Premiers pas de Natalie Dessay au théâtre : l'épreuve de la glace
Elle débute la pièce en diva, hiératique dans une robe-fourreau écarlate, et la termine trempée, en chemise, échevelée mais toujours droite. Tout autour d'elle, 500 kg de glace sont suspendus, sous forme de longs pains gouttant interminablement, et s'effondrant parfois avec fracas.
Pour ses débuts au théâtre, la soprano française la plus connue au monde n'a pas choisi la facilité: un monologue de 1999 du dramaturge anglais Howard Barker, "Und", texte foisonnant et énigmatique où une femme attend un homme et affronte la lente avancée de la mort sans jamais perdre sa dignité. "Je ne choisis jamais", dit-elle, tout en précisant qu'elle s'est tout de suite sentie "en phase" avec le texte que lui proposait le metteur en scène Jacques Vincey, directeur du Centre dramatique régional de Tours. Un texte âpre, formidablement traduit par Vanasay Khamphommala, spécialiste de Barker, l'auteur du "théâtre de la catastrophe".

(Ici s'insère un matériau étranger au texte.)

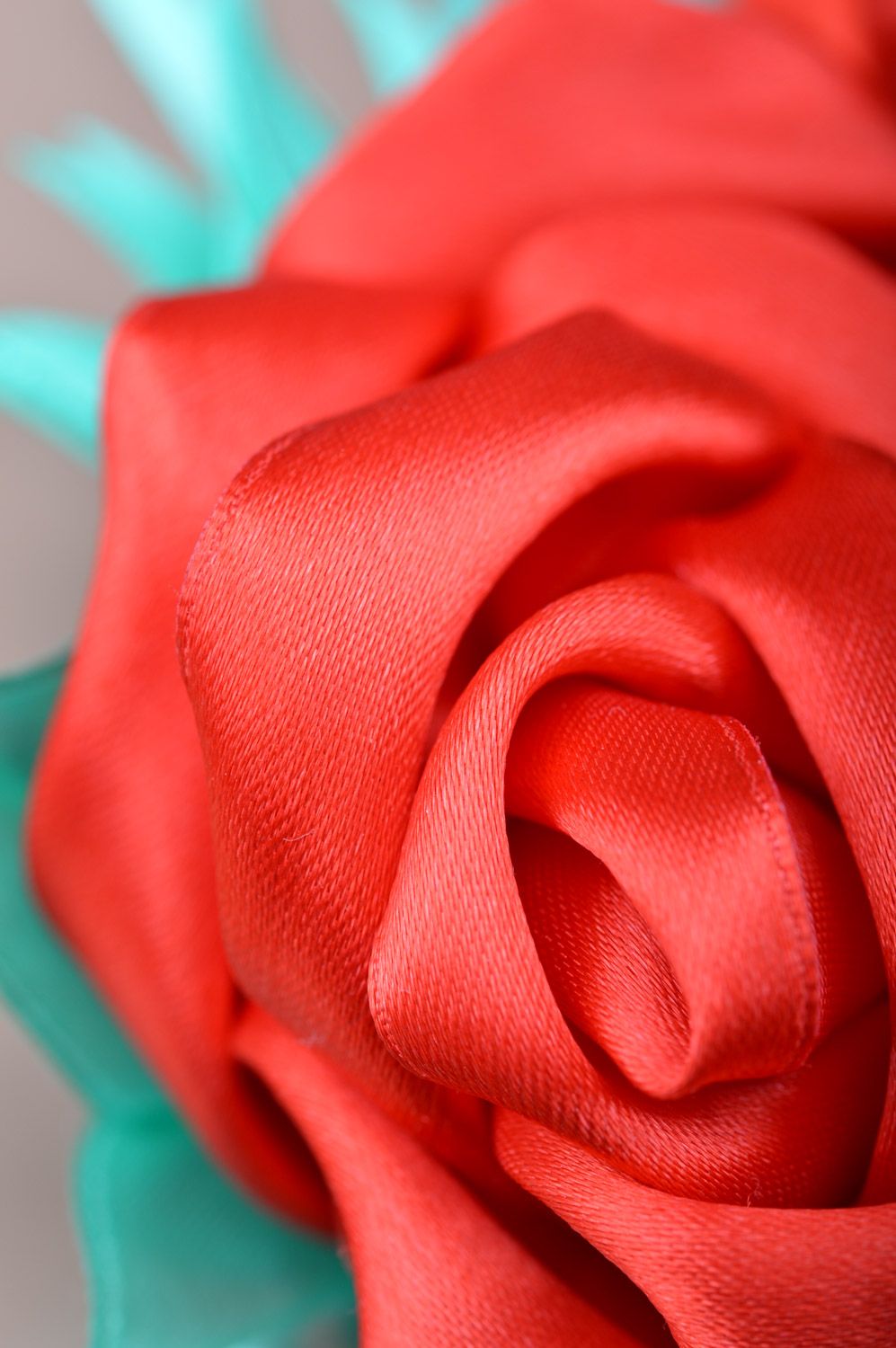 Broche de tela artesanal rosa roja bonita voluminosa para mujeres foto 4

Reportage : A. Moreau, A. Rigodanzo, F.Belzeaux
La pièce est hantée par un événement jamais explicité, mais qu'on devine être la Shoah, comme on devine que l'homme que la femme attend est aussi son tortionnaire. La scénographie de Mathieu Lorry-Dupuy, avec cette glace qui menace à tout moment de rompre, installe un climat d'angoisse et d'extrême vulnérabilité. La femme est à la merci de cet homme dont on ne perçoit la présence qu'à travers des sons -bruits de cloche, verre brisé, coups de boutoir sur la porte.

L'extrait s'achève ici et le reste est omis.